Prep Time
30 Mins
Bake Time
1 Hour 40 Mins
Chill Time
6 Hours
Yield
Makes 12 to 16 servings
Photo: Charles E. Walton IV

How to Make It

Step 1

Preheat oven to 350°. Combine crushed chocolate wafers, 2 tablespoons sugar, and 5 tablespoons melted butter in a medium bowl. Press crumb mixture onto bottom and 1 inch up sides of a 10 1/2-inch springform pan, making sure crumbs are evenly distributed. Bake at 350° for 8 to 10 minutes. Let cool on wire rack.

Step 2

Stir together white chocolate and cream in a heavy saucepan over low heat until smooth.

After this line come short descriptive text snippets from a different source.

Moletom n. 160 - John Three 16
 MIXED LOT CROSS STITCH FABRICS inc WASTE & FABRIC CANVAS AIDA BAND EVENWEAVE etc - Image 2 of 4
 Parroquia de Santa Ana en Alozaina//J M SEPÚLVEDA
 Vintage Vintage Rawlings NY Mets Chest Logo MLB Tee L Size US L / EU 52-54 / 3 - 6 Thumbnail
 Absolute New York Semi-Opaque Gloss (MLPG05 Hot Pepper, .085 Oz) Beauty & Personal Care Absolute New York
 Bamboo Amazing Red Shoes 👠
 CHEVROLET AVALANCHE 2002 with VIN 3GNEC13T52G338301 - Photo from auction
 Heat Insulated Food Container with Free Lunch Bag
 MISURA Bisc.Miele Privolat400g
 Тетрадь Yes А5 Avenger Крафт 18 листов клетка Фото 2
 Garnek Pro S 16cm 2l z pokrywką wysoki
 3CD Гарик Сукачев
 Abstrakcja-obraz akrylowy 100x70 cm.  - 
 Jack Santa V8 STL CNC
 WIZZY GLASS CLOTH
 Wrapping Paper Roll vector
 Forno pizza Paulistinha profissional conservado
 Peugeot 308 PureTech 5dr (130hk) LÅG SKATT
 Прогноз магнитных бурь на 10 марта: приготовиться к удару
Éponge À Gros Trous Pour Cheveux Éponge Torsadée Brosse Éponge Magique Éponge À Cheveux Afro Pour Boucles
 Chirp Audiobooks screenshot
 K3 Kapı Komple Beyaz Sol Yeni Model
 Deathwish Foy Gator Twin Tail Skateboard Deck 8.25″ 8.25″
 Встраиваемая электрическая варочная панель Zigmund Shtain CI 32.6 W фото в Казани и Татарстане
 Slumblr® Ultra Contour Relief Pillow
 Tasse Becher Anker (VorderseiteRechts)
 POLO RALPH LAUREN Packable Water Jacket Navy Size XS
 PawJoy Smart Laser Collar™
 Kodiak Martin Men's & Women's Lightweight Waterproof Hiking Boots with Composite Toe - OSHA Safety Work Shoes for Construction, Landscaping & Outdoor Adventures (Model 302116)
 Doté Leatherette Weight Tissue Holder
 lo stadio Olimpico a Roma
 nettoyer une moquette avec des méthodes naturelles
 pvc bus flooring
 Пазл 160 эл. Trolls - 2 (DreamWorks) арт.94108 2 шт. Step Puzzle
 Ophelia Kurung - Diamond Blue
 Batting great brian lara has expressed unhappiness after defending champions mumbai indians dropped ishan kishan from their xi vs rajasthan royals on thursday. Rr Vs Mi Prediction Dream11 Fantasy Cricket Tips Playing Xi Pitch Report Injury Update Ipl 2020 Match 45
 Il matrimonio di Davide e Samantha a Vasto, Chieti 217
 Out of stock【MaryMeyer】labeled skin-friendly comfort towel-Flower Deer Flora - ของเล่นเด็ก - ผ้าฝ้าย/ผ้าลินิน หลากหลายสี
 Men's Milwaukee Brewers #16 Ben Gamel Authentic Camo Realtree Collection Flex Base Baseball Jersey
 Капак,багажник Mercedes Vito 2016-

Remove from heat.

Step 3

Beat cream cheese, 1/2 cup butter, salt, and remaining 1 cup sugar in a large bowl at medium speed with an electric mixer until blended, stopping to scrape down sides. Add vanilla, beating until blended. Reduce speed to low, and add eggs, 2 at a time, beating just until blended and stopping to scrape down sides after each addition. (Do not overbeat.) Gradually add white chocolate mixture, beating just until blended. Pour mixture into springform pan; place springform pan on baking sheet.

Step 4

Bake at 350° for 20 minutes. Reduce oven temperature to 300°, and bake 20 more minutes. Reduce oven temperature to 250°, and bake 20 more minutes. Reduce oven temperature to 200°, and bake 30 to 40 minutes or until cake is set around sides and almost set in center.

Step 5

Remove to a wire rack; run sharp knife around edge of pan to loosen. (This will help prevent cracking as cake cools.) Let cool completely. Cover with plastic wrap, and chill for 6 hours or up to 2 days. Serve with Cranberry Currant Compote.

Step 6

*Remove eggs from refrigerator, and place in a bowl for 30 minutes.

Step 7

Note: For testing purposes, we used Nabisco Famous Chocolate Wafers for chocolate wafer cookies.